## [Data excerpt]
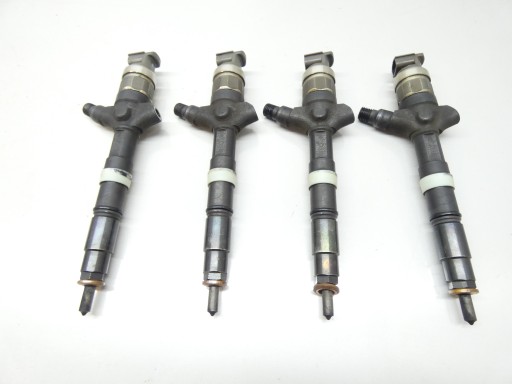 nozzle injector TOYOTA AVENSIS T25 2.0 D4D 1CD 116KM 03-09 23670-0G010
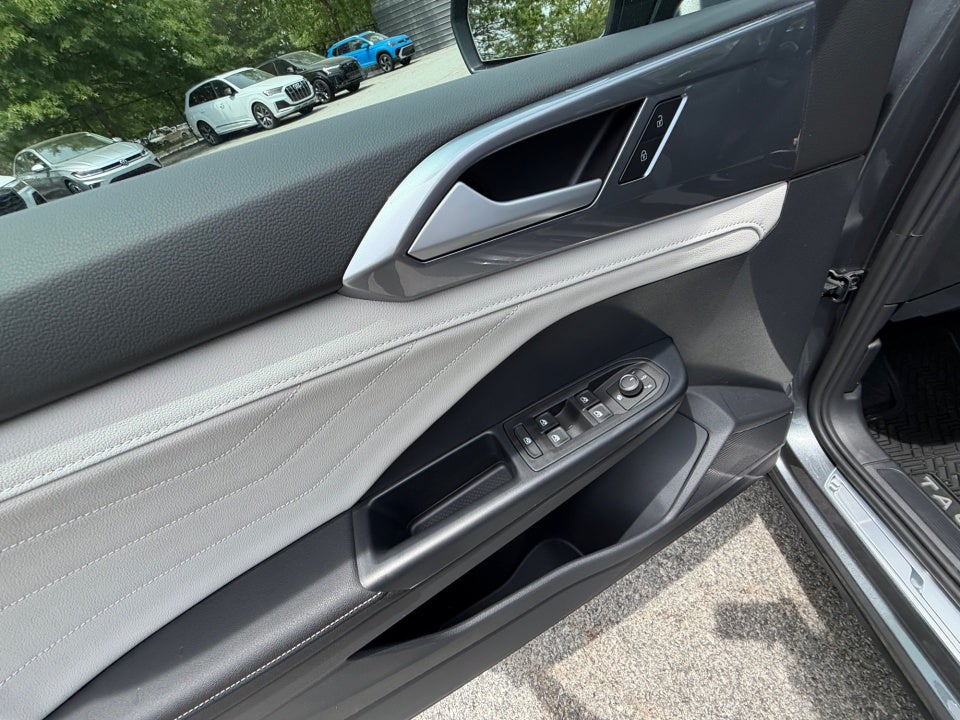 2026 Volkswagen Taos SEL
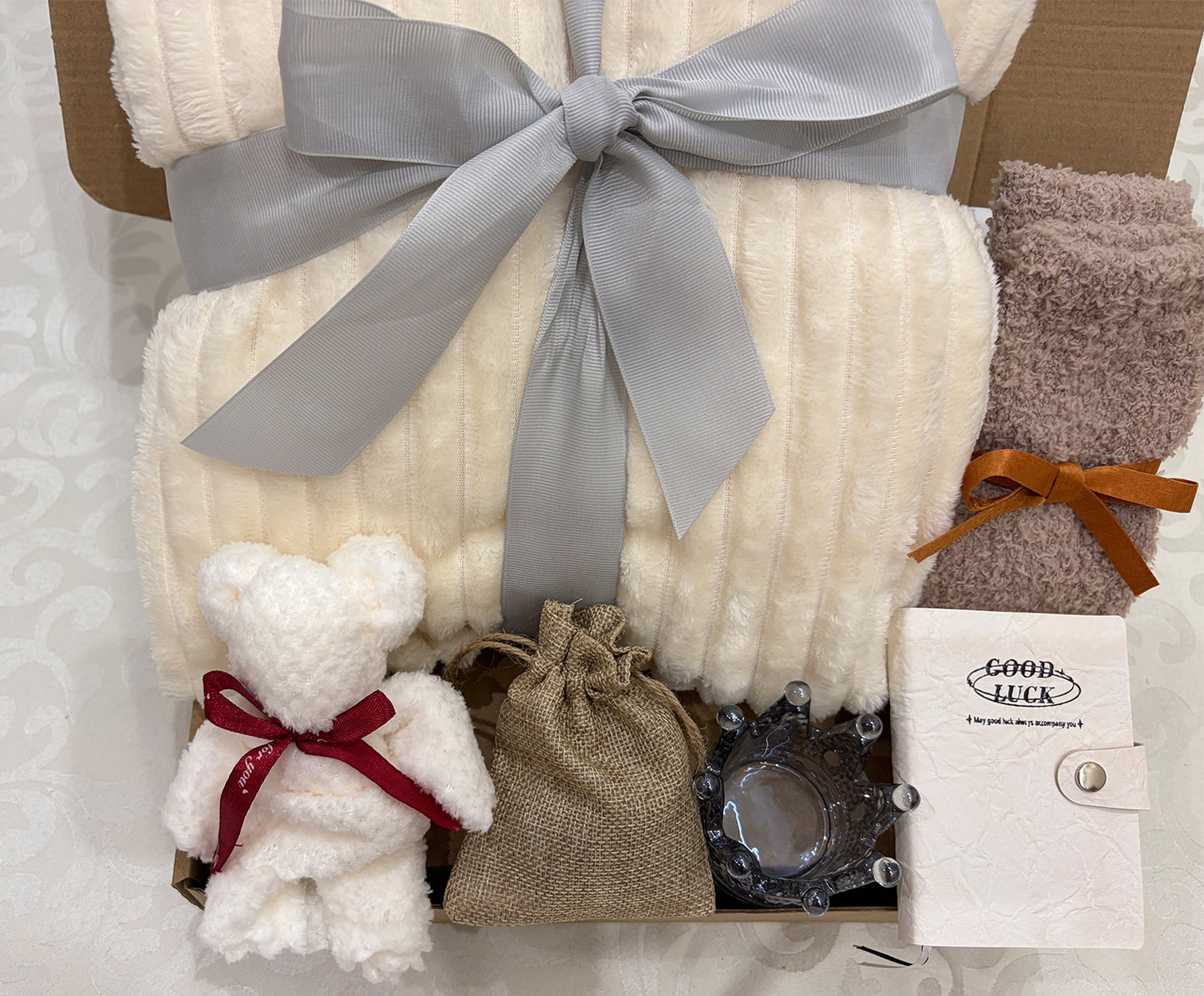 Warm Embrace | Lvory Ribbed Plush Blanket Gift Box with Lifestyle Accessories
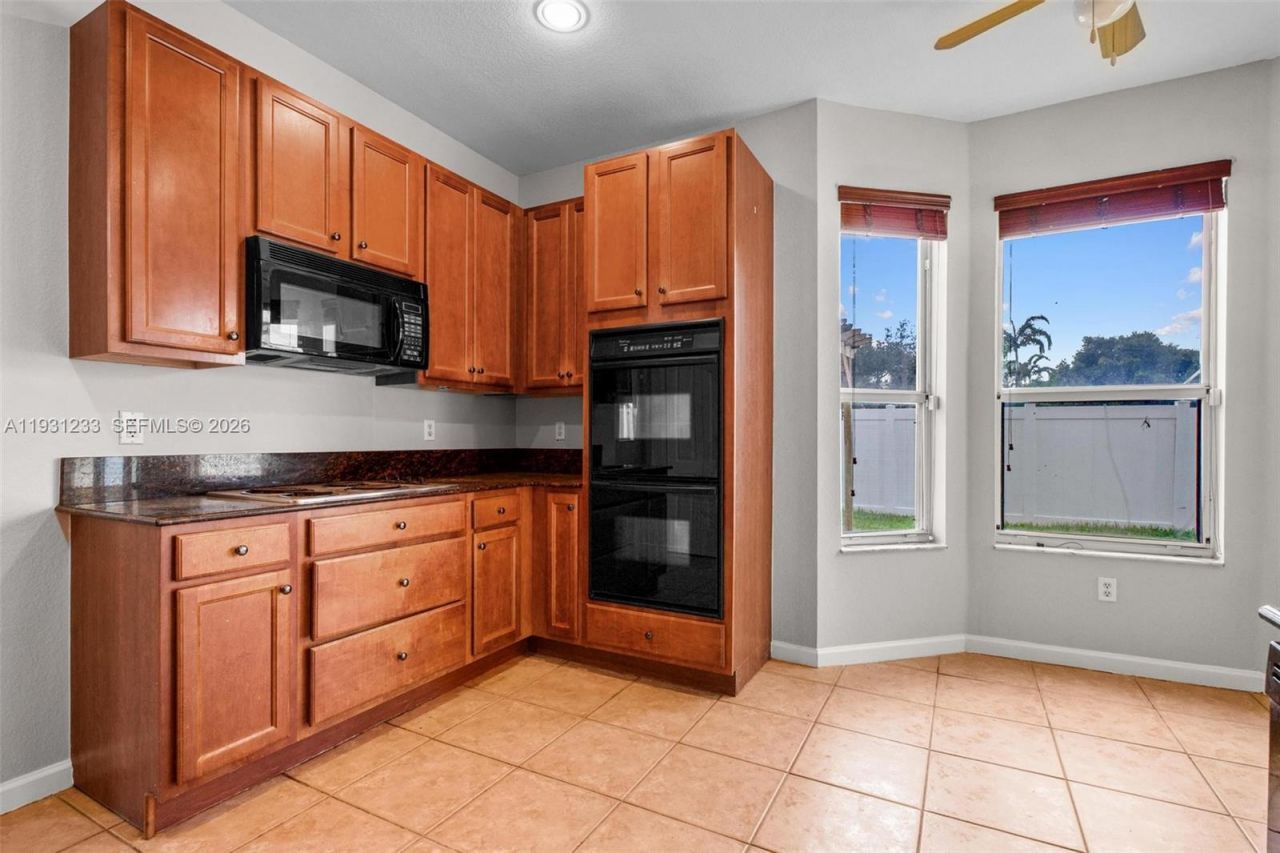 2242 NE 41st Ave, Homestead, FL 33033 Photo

## [Exercise brief]
Every line of the data above is to be set down word for word, with the pictures left out.

## [Worked solution]
 nozzle injector TOYOTA AVENSIS T25 2.0 D4D 1CD 116KM 03-09 23670-0G010
 2026 Volkswagen Taos SEL
 Warm Embrace | Lvory Ribbed Plush Blanket Gift Box with Lifestyle Accessories
 2242 NE 41st Ave, Homestead, FL 33033 Photo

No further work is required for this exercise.